Image processing. Product images need to be exactly 1000×1000px WebP at 90% quality with white backgrounds. The first version sampled the corner pixel for background color. Some product photos had shadows in the corner. Now it's hardcoded to white (255, 255, 255). A "fill" parameter controls how much of the canvas the product occupies — and a value above 1.0 causes clipping that we discovered only after 30 products were processed wrong.
PHP word counting. The sn_answer_capsule field has a 20-25 word limit enforced by WordPress's PHP str_word_count(). Python's len(text.split()) gives a different number. Hyphenated compounds like "hand-forged" count as one word in PHP, two in Python. The agent pipeline counts words one way; WordPress counts them another. We reconciled this in the Auditor agent spec.
The thing nobody tells you about AI-assisted codebases
The code works.
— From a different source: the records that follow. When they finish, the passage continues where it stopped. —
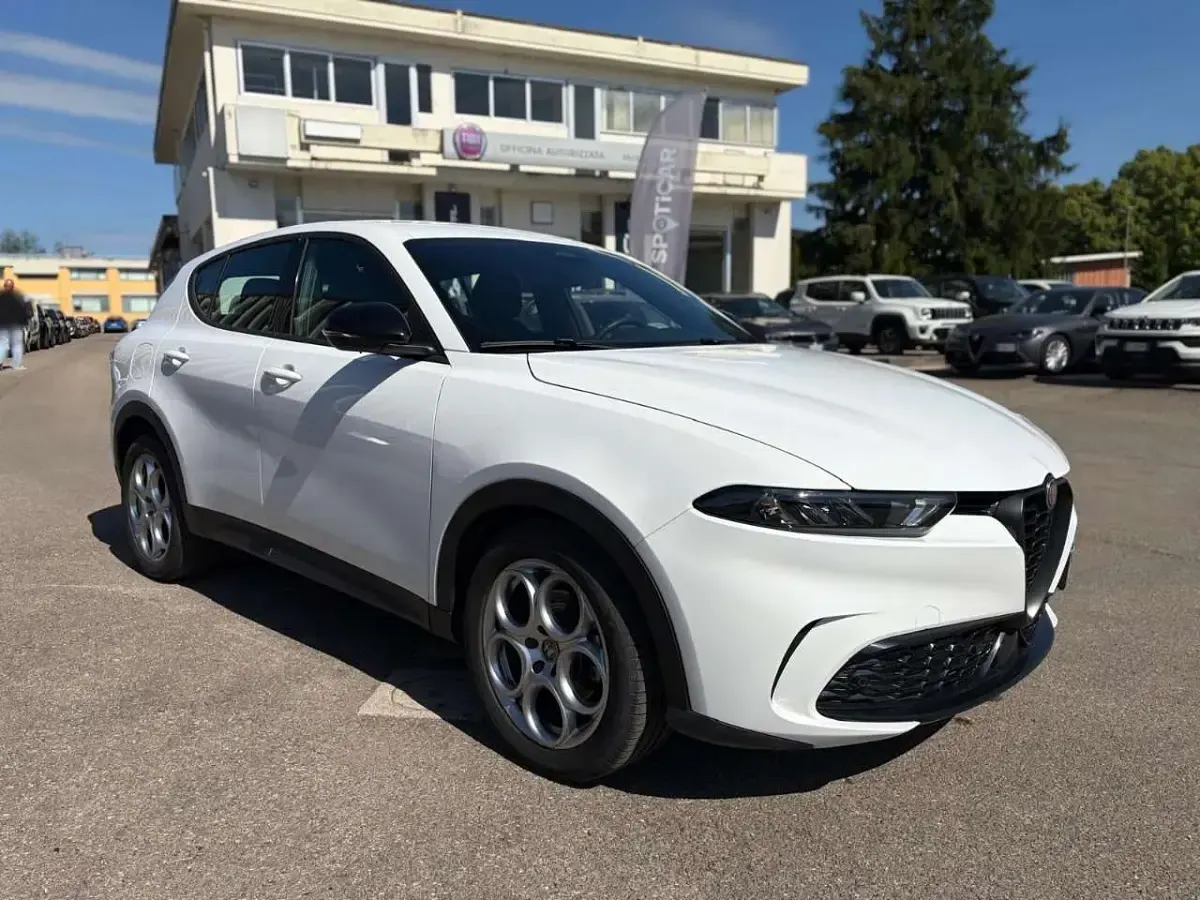 Usata Alfa Romeo Tonale Sprint 131 CV (96 kW) 2024 Bianco SUV
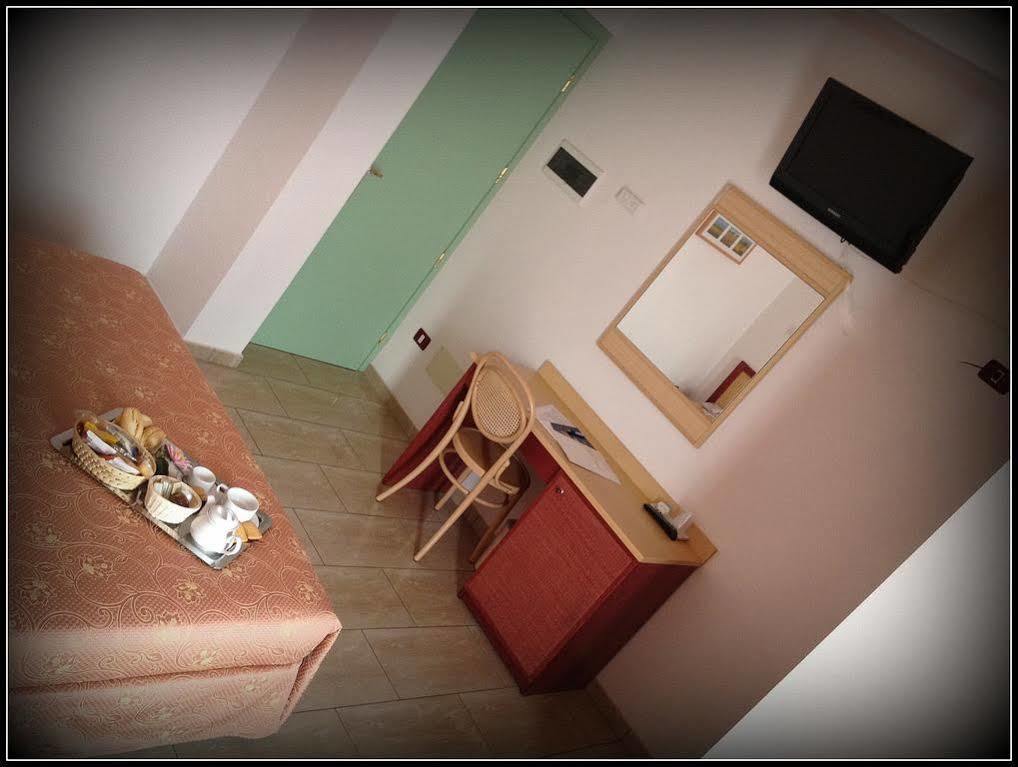 Hotel Mistral มารินา ดิ กัมโป ภายนอก รูปภาพ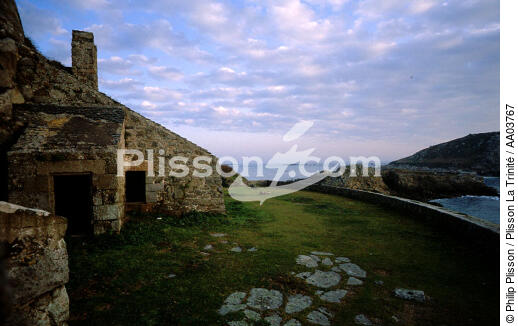 Chaumière sur les Sept Iles - © Philip Plisson / Plisson La Trinité / AA03767 - Photo Galleries - Ruin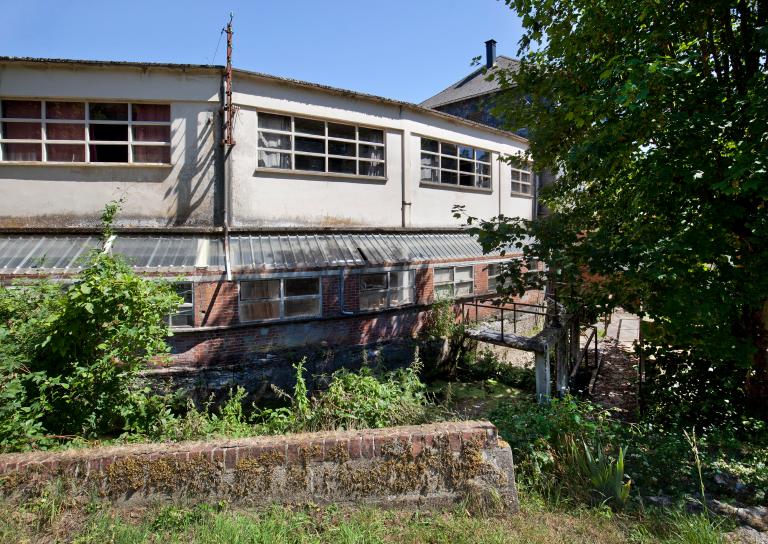 Vue de l'atelier (de moulage, polissage, mécanique) construit en 1961, depuis le nord.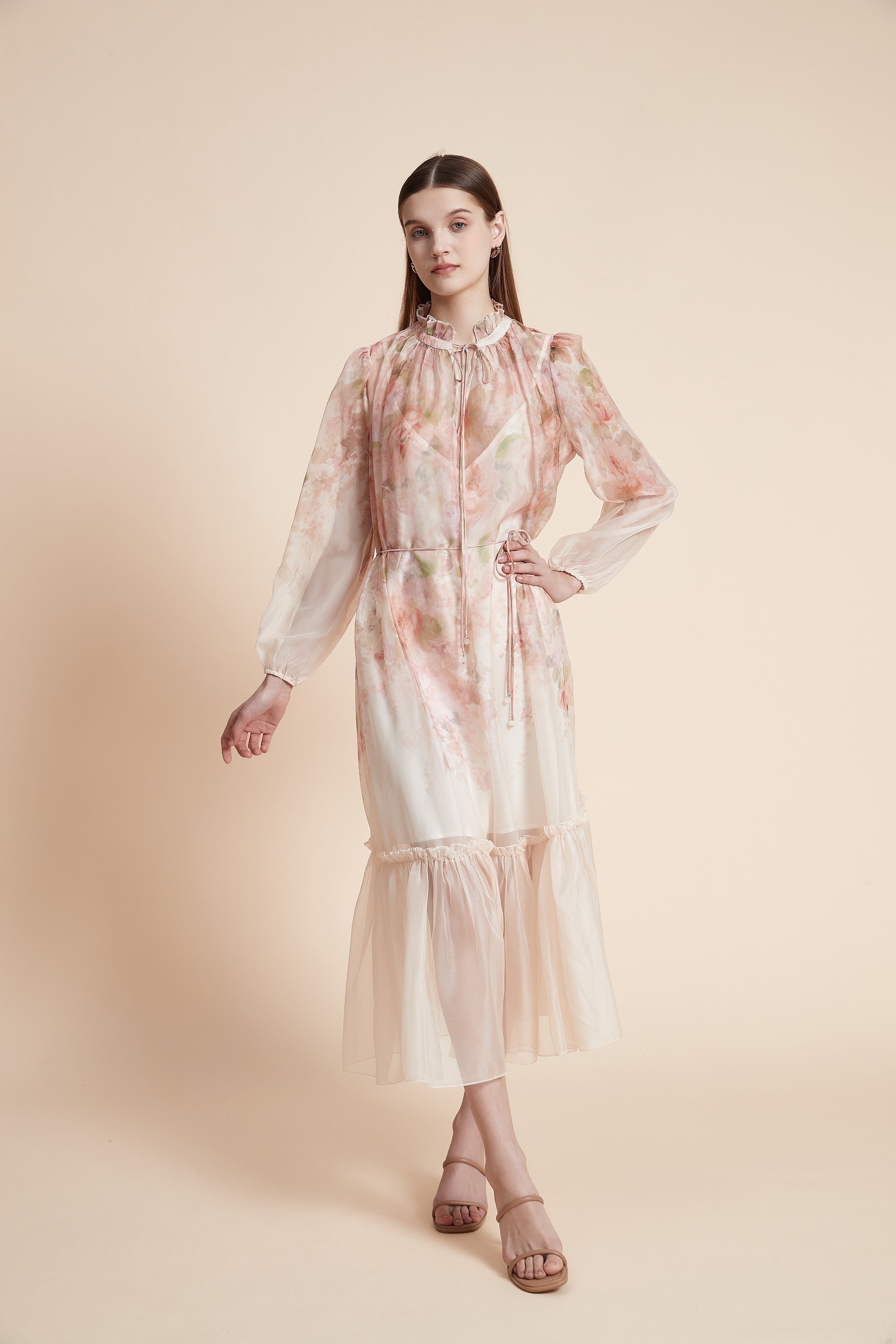 فستان ماكسي منقوش بأكمام طويلة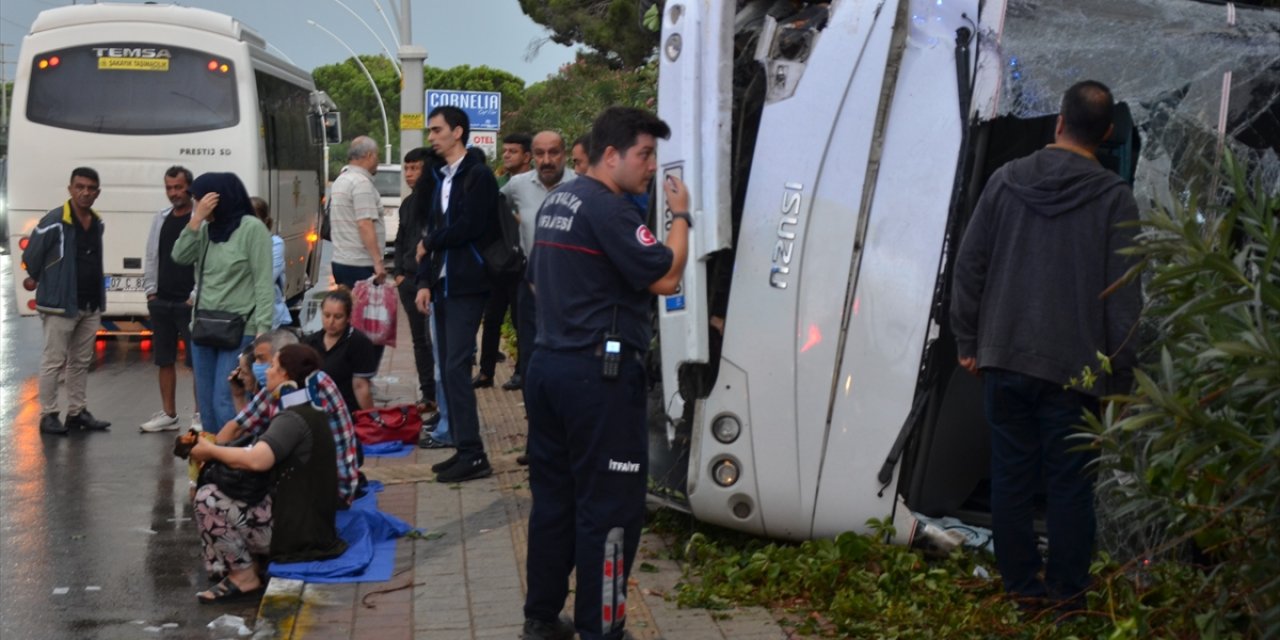 Antalya’da servis midibüsü devrildi, 9 kişi yaralandı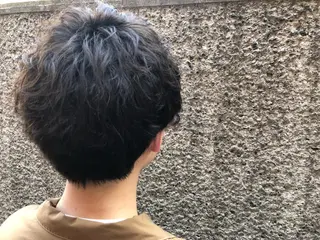 ショート パーマ メンズ 透明感カラー🤎 ゆりのヘアスタイル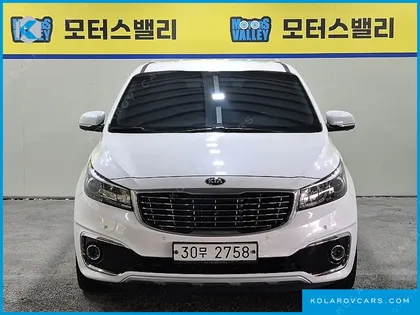 KIA CARNIVAL 9-SEATER NOBLESSE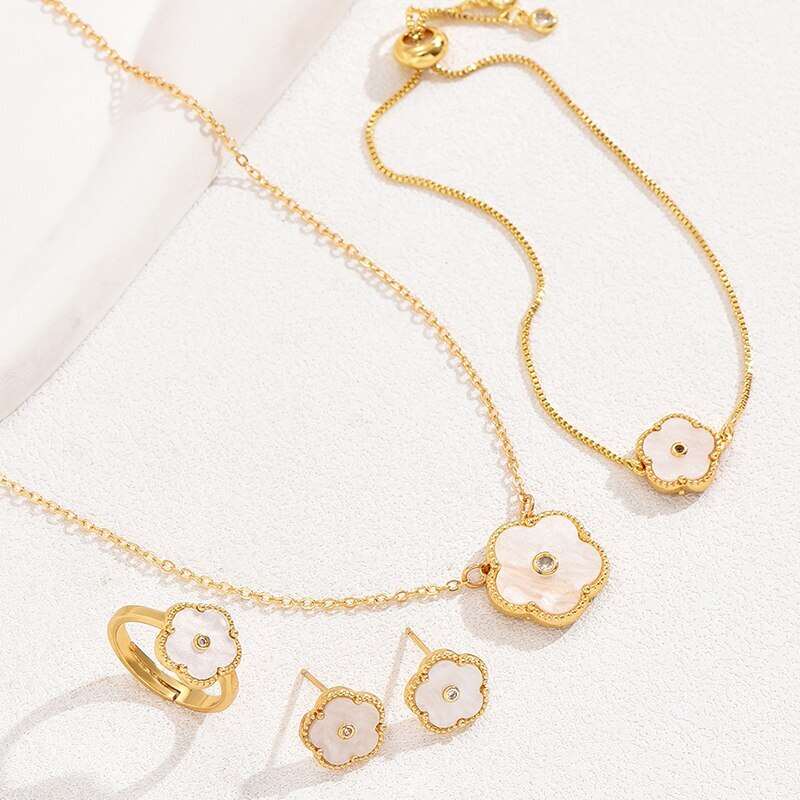 4 Pcs Vintage Flower Shape Jewelry Set - 18k Gold Plated With Moissanite | Mix Mix Style [Hot Seller]-Mix MIx Style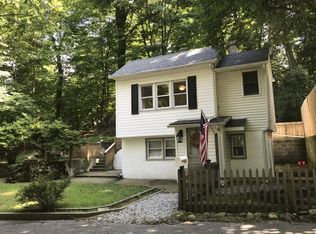 153 Snake Den Rd, Ringwood, NJ 07456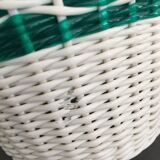 Scoubidou bottle and its 60s cap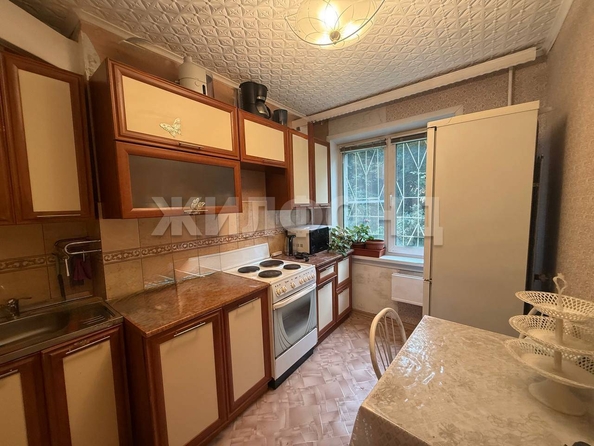 
  Продается 4-комн. квартира, 74 м², Гусинобродское ш, д. 27
. Фото 5.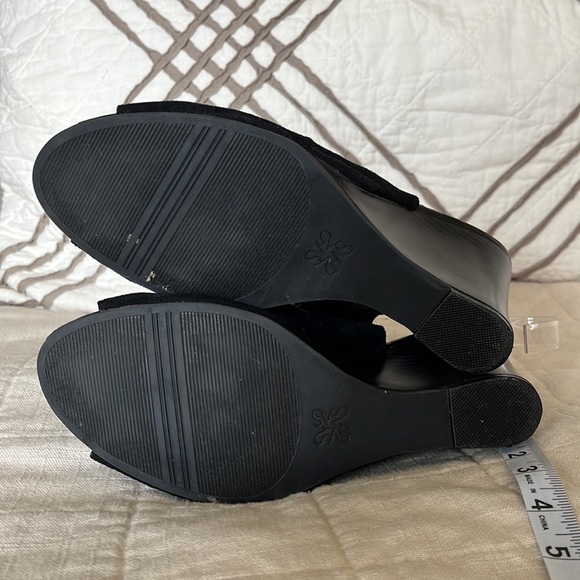 Simply Vera by Vera Wang Ruched Heeled Suede Like Sandal Size 9 - Picture 8 of 10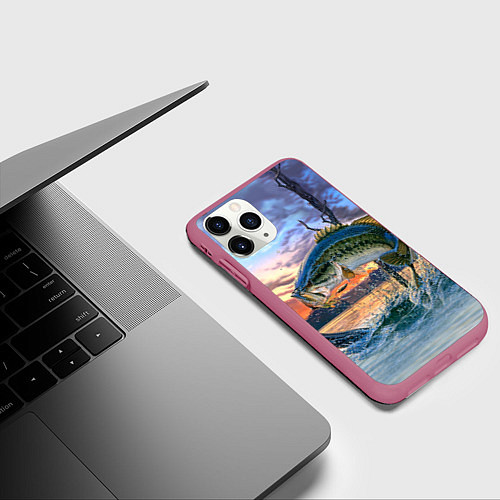 Чехол iPhone 11 Pro матовый Рыба над водой / 3D-Малиновый – фото 3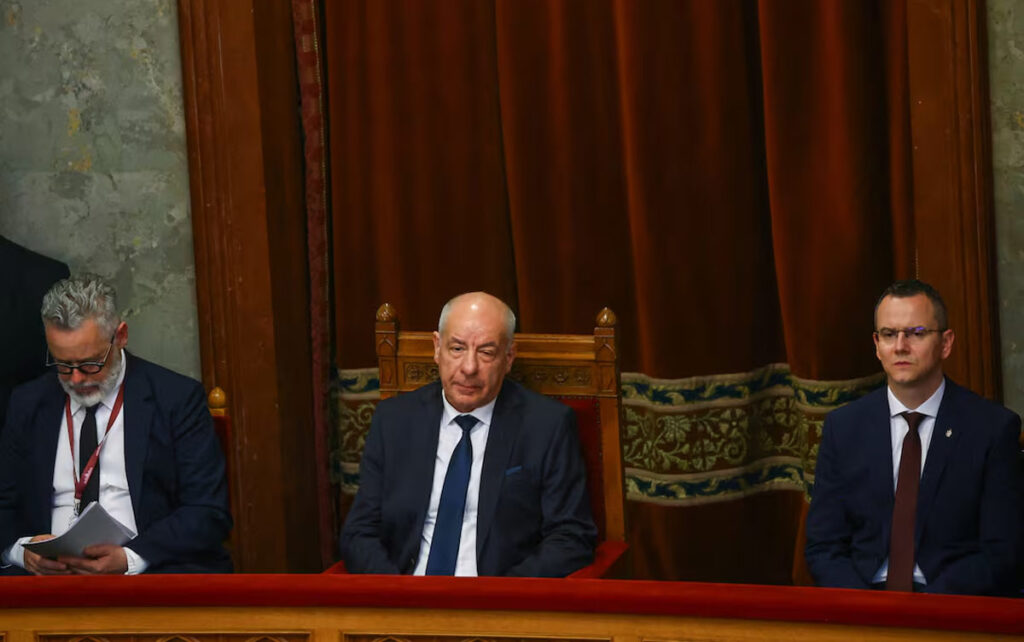უნგრეთის პარლამენტმა საკონსტიტუციო ცვლილება დაამტკიცა, რომელიც პრეზიდენტის თანამდებობიდან გადაყენებას ითვალისწინებს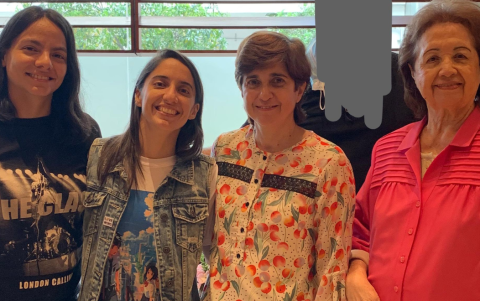 María José junto a su esposa Ángela, su mamá y su abuela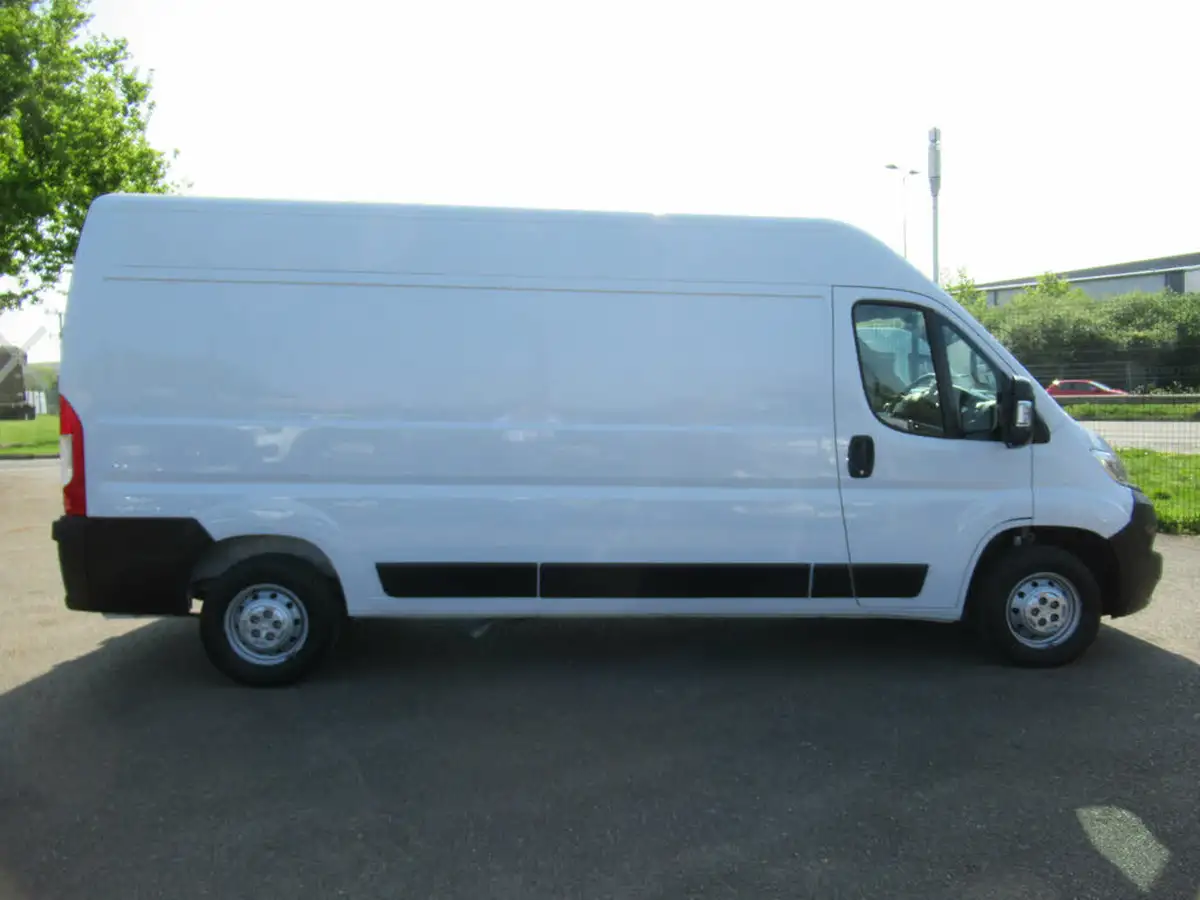 2022-vauxhall-movano-22cdti-l3-h2-3500-dynamic-140pseu6d-big-14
The site runs. It serves thousands of pages. Google indexes it and sends 6,000+ impressions a day.
But I cannot maintain it alone without AI.
If Claude disappeared tomorrow, I would have a 95,510-line codebase I can partially read but cannot modify. I can recognize patterns, understand architecture, and diagnose problems at a high level. I cannot write a PHP function from scratch.
This is a new kind of technical debt. It's not bad code — Claude writes clean, well-commented code. It's dependency debt. My ability to operate my own system depends on continued access to the tool that built it.
I've mitigated this somewhat by documenting everything obsessively. Every agent has a versioned spec. Every field has a documented purpose. The llms.txt file describes the entire content model. If I had to onboard a human developer, the documentation exists. But the honest truth is that the documentation was written by Claude too.
The numbers
Lines of code: 95,510
Files: 129
Custom theme: 84,272 lines (46 template files)
Plugins: 8,000 lines (2 plugins)
Analytics dashboard: 3,238 lines
Key iteration counts:
seo.php: 45+ versions
schema.php: 52 versions

llms.txt: 60 versions
Agent specs: 50+ files, 33+ total methodology versions
Nov 2025: 5 impressions/day
Dec 2025: 58/day
Jan 2026: 246/day
Feb 2026: 1,137/day
Mar 2026: 2,785/day
Apr 2026: 6,000+/day
Zero backlinks. Zero promotion. Custom everything.
What I'd tell someone starting this today
Start with the data model, not the UI. I spent the first month getting custom post types and ACF fields right before touching templates. That investment paid for itself a hundred times over. When the AI pipeline was ready to export, WordPress had a place to put every field.
Treat every error message as a lesson. I pasted thousands of PHP errors into Claude. Each one taught me something about how WordPress works — not at the syntax level, but at the architectural level. After a year, I can predict what will break before it breaks. That's not coding knowledge. It's system knowledge.
Version everything. Not in Git (I still don't use Git properly). In filenames and spec documents. seo.php doesn't have 45 git commits — it has 45 moments where the previous version couldn't handle something the site needed. The version number is the scar tissue.
Accept the dependency. If you build with AI, you depend on AI. That's not a moral failing. It's a tradeoff. I traded "I can maintain this myself" for "I can build something I never could have built alone." For me, that trade was worth it. 95,510 times over.

The full codebase powers sleeknova.com. The 17-agent pipeline is documented at sleeknova.com/team/agents. I'm Mark, a non-developer in Rotterdam who learned that architecture matters more than syntax.

Disclosure: This article was written with AI assistance (Claude). The code described in the article was also built with AI assistance. The experiences, errors, architecture decisions, and growth data are mine.